Network DoS & DDoS Prediction using ML

Network Traffic Analysis & Machine Learning Pipeline

This project focuses on analyzing, preprocessing, and classifying network traffic using machine learning. The main training and evaluation were performed on network traffic data captured from the Attack Net Zero project using HPING3 in a controlled virtualized environment. The system also references CIC-IDS-2017, CIC-IDS-2018, and CIC-DDoS-2019 datasets as part of the testing and benchmarking phase. The complete pipeline performs feature extraction, preprocessing, encoding, scaling, class balancing, hybrid feature selection, hyperparameter tuning, ensemble learning, evaluation, and visualization.

Datasets Used

This project leverages both real-time generated traffic and public benchmark datasets for training, validation, and performance benchmarking.

CIC-IDS-2017

A widely used intrusion detection dataset developed by the Canadian Institute for Cybersecurity. It contains realistic network traffic with labeled attack scenarios including DoS, DDoS, PortScan, Brute Force, Botnet, and Web attacks, along with benign traffic. It is commonly used for evaluating IDS models.

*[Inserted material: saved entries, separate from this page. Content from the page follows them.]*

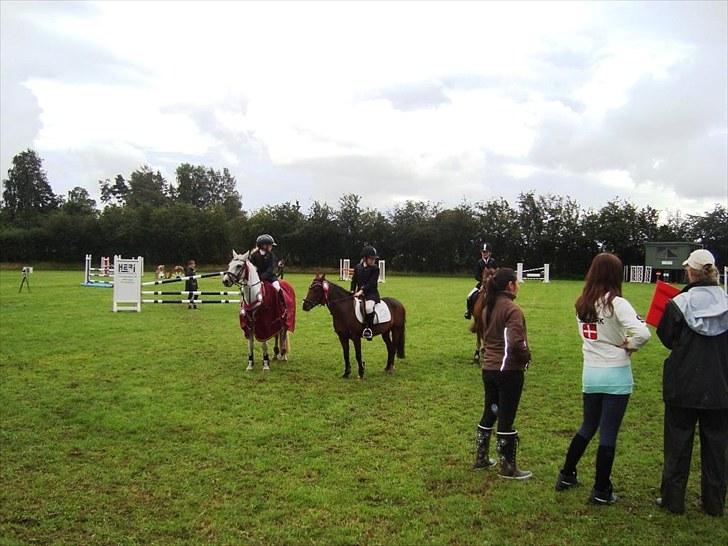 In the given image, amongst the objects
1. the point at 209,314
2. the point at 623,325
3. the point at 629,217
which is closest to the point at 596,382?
the point at 623,325

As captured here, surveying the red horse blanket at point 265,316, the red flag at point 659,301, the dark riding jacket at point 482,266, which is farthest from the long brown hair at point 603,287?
the red horse blanket at point 265,316

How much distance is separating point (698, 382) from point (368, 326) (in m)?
6.29

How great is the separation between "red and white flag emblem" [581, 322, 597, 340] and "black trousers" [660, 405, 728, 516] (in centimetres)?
88

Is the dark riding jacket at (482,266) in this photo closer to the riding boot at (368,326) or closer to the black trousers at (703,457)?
A: the riding boot at (368,326)

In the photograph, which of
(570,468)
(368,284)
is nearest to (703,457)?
(570,468)

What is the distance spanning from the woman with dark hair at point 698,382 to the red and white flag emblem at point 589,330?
1.75ft

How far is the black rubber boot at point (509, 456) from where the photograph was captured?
5.86 meters

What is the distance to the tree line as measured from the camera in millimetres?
56656

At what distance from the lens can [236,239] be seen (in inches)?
2650

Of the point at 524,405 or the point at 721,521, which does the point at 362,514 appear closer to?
the point at 721,521

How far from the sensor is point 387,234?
62688mm

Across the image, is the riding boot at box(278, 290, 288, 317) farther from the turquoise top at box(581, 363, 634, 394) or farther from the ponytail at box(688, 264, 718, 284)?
the ponytail at box(688, 264, 718, 284)

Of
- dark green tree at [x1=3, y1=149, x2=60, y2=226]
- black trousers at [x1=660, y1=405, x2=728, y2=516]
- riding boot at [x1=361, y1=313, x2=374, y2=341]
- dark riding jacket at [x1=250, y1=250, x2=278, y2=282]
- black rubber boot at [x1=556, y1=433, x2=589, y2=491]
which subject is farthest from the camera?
dark green tree at [x1=3, y1=149, x2=60, y2=226]

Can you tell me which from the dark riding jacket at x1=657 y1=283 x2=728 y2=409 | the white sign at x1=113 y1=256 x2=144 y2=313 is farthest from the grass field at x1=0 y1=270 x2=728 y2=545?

🔗 https://www.kaggle.com/datasets/chethuhn/network-intrusion-dataset

CIC-IDS-2018

An improved and more comprehensive version of CIC-IDS-2017, featuring larger-scale traffic data and more diverse, modern attack patterns. It provides enhanced feature sets and better representation of real-world network behavior.

🔗 https://www.kaggle.com/datasets/solarmainframe/ids-intrusion-csv?select=02-22-2018.csv

CIC-DDoS-2019

A dataset specifically designed for DDoS detection. It includes multiple types of DDoS attacks such as SYN flood, UDP flood, and reflection-based attacks, making it highly suitable for benchmarking DDoS detection systems.

🔗 https://www.unb.ca/cic/datasets/ddos-2019.html

Custom Dataset (Attack Net Zero)

Custom network traffic generated in a controlled virtualized environment using tools like HPING3. Includes both benign and attack traffic (SYN, ACK, UDP, ICMP, and fragmentation-based floods), enabling real-time testing and validation of machine learning models.

Features Extracted

The following features were used for analysis and modeling:

Feature	Description
FRAG	Fragmented packets
RST	TCP Reset flag
FIN	TCP Finish flag
ACK	TCP Acknowledgement flag
PSH	TCP Push flag
DDOS	Indicates DDoS attack traffic
UDP	UDP protocol packets
SYN	TCP Synchronize flag
BENIGN	Normal traffic monitored from self virtualized environment
ICMP	ICMP protocol packets

Data Preprocessing

Key preprocessing steps:

Handling Null and Space Values – Cleaned missing or empty entries.
Encoding – Converted categorical labels into numeric values via a simple mapping function.
Scaling – Standardized numeric features for models sensitive to feature magnitude.
Hybrid Feature Selection – Combined filter, wrapper, and embedded methods to remove irrelevant or redundant features. Improved accuracy, precision, and F1 score.
Class Balancing (SMOTE) – Synthetic oversampling of minority classes to reduce bias toward dominant classes.

Machine Learning Models

Model	Description	Key Parameters / Notes
XGBoost	Gradient boosting ensemble	Tuned `n_estimators`, `max_depth`, `learning_rate`
SVM	Support Vector Machine	Tuned `C`, `gamma`, `kernel`
KNN	k-Nearest Neighbors	Tuned `n_neighbors`, `weights`, `p`
MLP	Multi-layer Perceptron	Tuned `hidden_layer_sizes`, `activation`, `solver`, `learning_rate`
Random Forest	Tree-based ensemble classifier	Used as meta learner in stacking ensemble

Ensemble Learning

Voting Ensemble (MLP-based)
- Combined multiple MLP classifiers with soft voting.
- Improved stability and reduced variance of predictions.
Stacking Ensemble
- Base learners: XGBoost, SVM, KNN, Voting-MLP.
- Meta-learner: Random Forest classifier.
- Leveraged predictions of base models to train a higher-level model, achieving robust performance.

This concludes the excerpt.